Absolutely, responsible pit bull breeder! One has to make the distinction between animal aggression and human aggression. Pit bulls are notorious for naturally being non human aggressive. There is a reason why they were know to be the nanny dogs. Any dog will start to attack if it is hungry, neglected, abused and trained to attack. Responsible owners don't do that. Even the statistics taken regarding dog bites don't clearly explain whether a majority of the pit bull related bites are from dogs that were trained to protect the homes using aggression, were dogs trained to guard and attack for drug trafficking purposes, dogs that mistook for the nearby houses as their own that they were trained to protect, etc. Plus, their is always the issue of whether or not the dog is actually a pit bull or not. Now you may scoff and say that its easy to tell a pit bull, but a large majority of people, long practicing vets even, cannot correctly identify an American Pit Bull Terrier. In fact, there was a case where an owner who was the target of BSL decided to spend the money to have his dog DNA tested so he could keep his pet after an animal expert identified his dog as a pit bull. Go figure the DNA testing proved that expert wrong.

Banning a breed is only addressing a symptom of the real problem. And it is allowing bad legislation, expensive bans, and taking away Constitutional rights of people. Bottom line is this: If you take a dog and beat it, torture it, starve it, force it to fight, attack, and train it to act aggressively, you will have a dangerous animal. But if you take that same dog and feed it, give it a home, train it, exercise it, love it and make it a part of your family, you will have a loving, loyal, harmless family member. Sure it has physical qualities that can make it dangerous, but only if its TRAINED TO DO SO. Heck, automobiles cause more injuries and death in the United States than dog attacks, maybe we should ban those too...oh, that's right, they aren't dangerous until a human behind the wheel.
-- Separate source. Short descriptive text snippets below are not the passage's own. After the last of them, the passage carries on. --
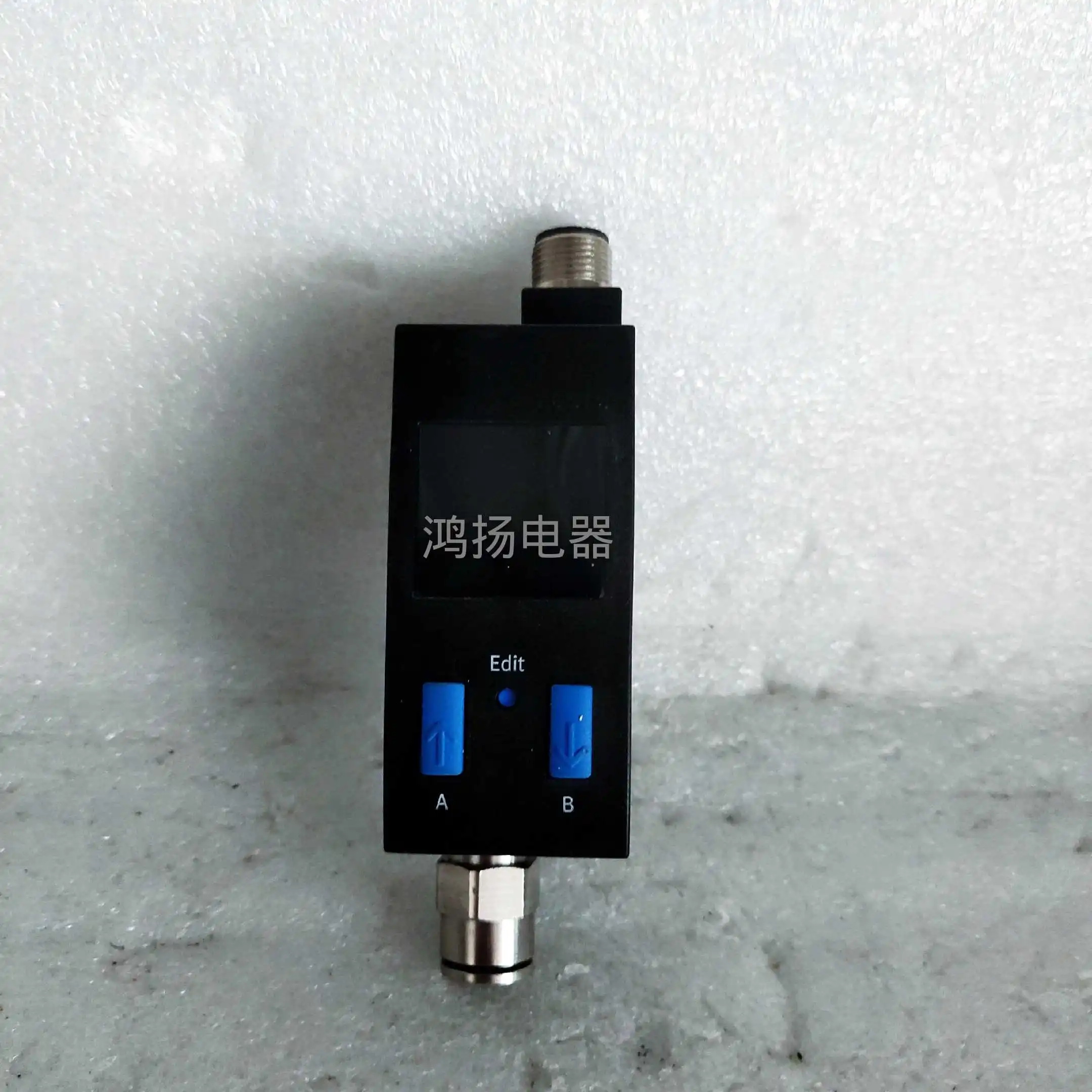 Festo 543063 SDE1-D…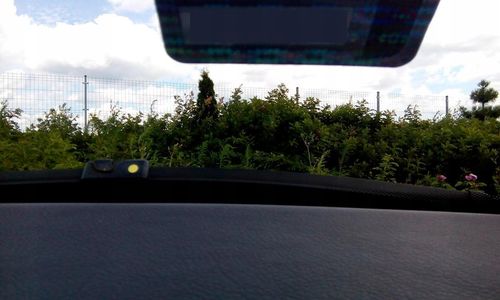 tenzi punkt multicleaner spray do usuwania naklejek, kleju, etykiet 300ml na Arena.pl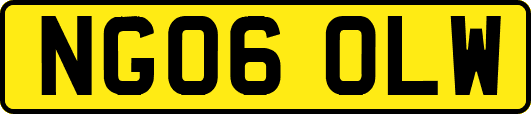 NG06OLW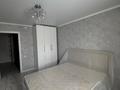 2-комнатная квартира · 65.5 м² · 2/5 этаж, Юбилейный 24 за 36 млн ₸ в Костанае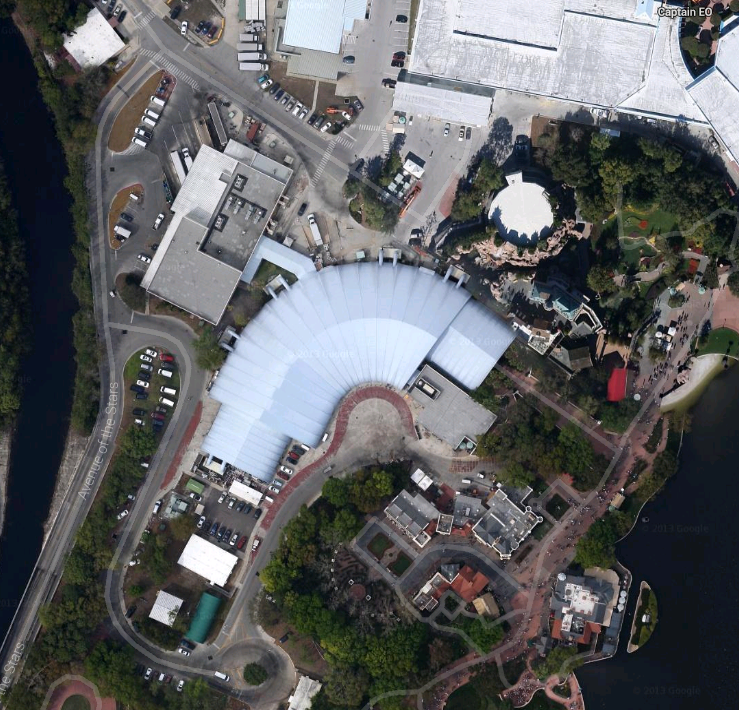 Epcot.png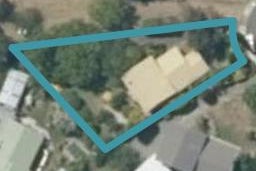 16 Rakau Street, Havelock North, Havelock North
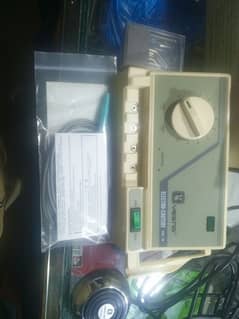 YESNG Electro-Cautery Model 786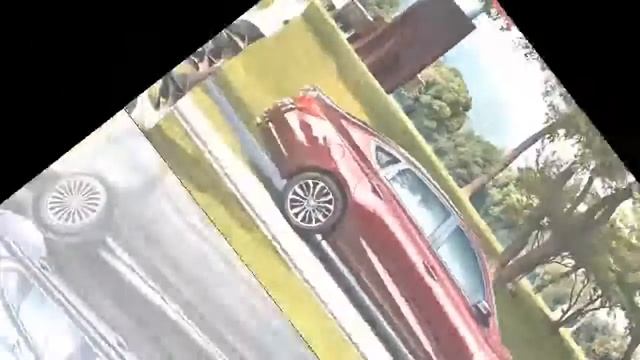 China’s GAC Debuts EV Concept, Announces U S Sales in 2019 смотреть онлайн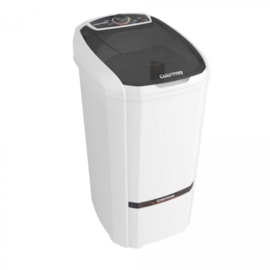 Máquina De Lavar Semiautomática 110V 10kg Lcs Colormaq  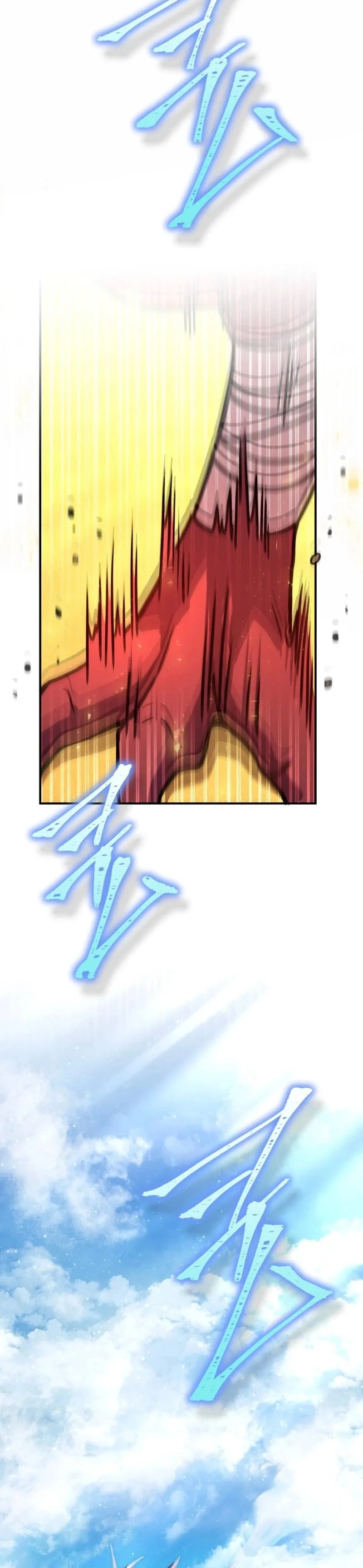 Legendary Blacksmith_s Vengeance ตอนที่ ตอนที่ 42 รูปที่ 40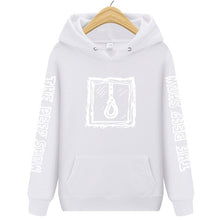 Load image into Gallery viewer, Lil Peep Hoodie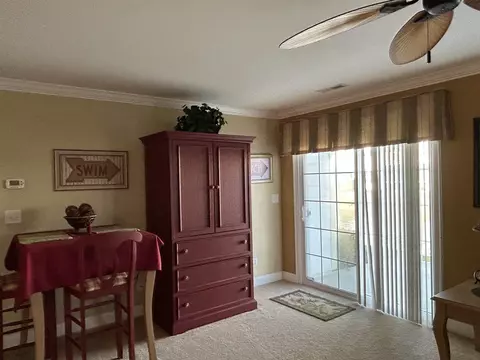 Other - 175 Georges Bay Rd, Surfside Beach, SC 29575 photo 8 of 14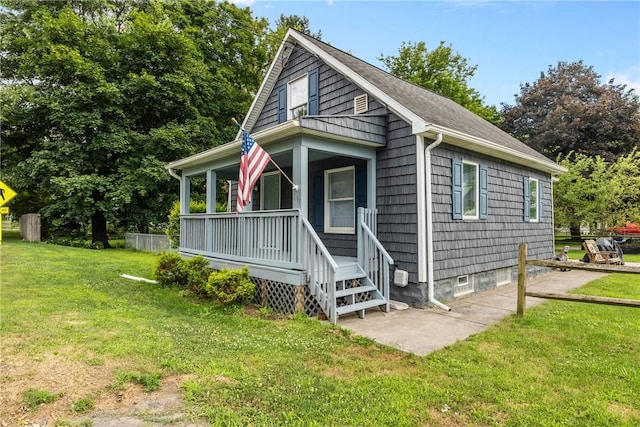 891 Whitney Rd W, Perinton, NY 14450 - photo 1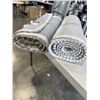 Image 3 : 2 CARPET RUNNERS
Something to consider, yes?

Anne said...

I'm a cat person, myself.

Falling on a bruise said...

I don't disagree with either of you responsible pitbull breeder or anon and i don't want to see a ban. I'd prefer a licence system.
My point is that if you want a dog for protection, you would go for a certain type of breed. If you want a family dog you would go for another type. It is when the two come together that we get problems and what i am saying in the post.
Natural instincts must play a part. Pitbulls would be more naturally inclined to attack, or have a lower threshold before attacking, than a dalmation for example. Possibly, this is why there are more of these type of attacks by these breeds of dogs and why they were picked as fighting and guard dogs in the first place.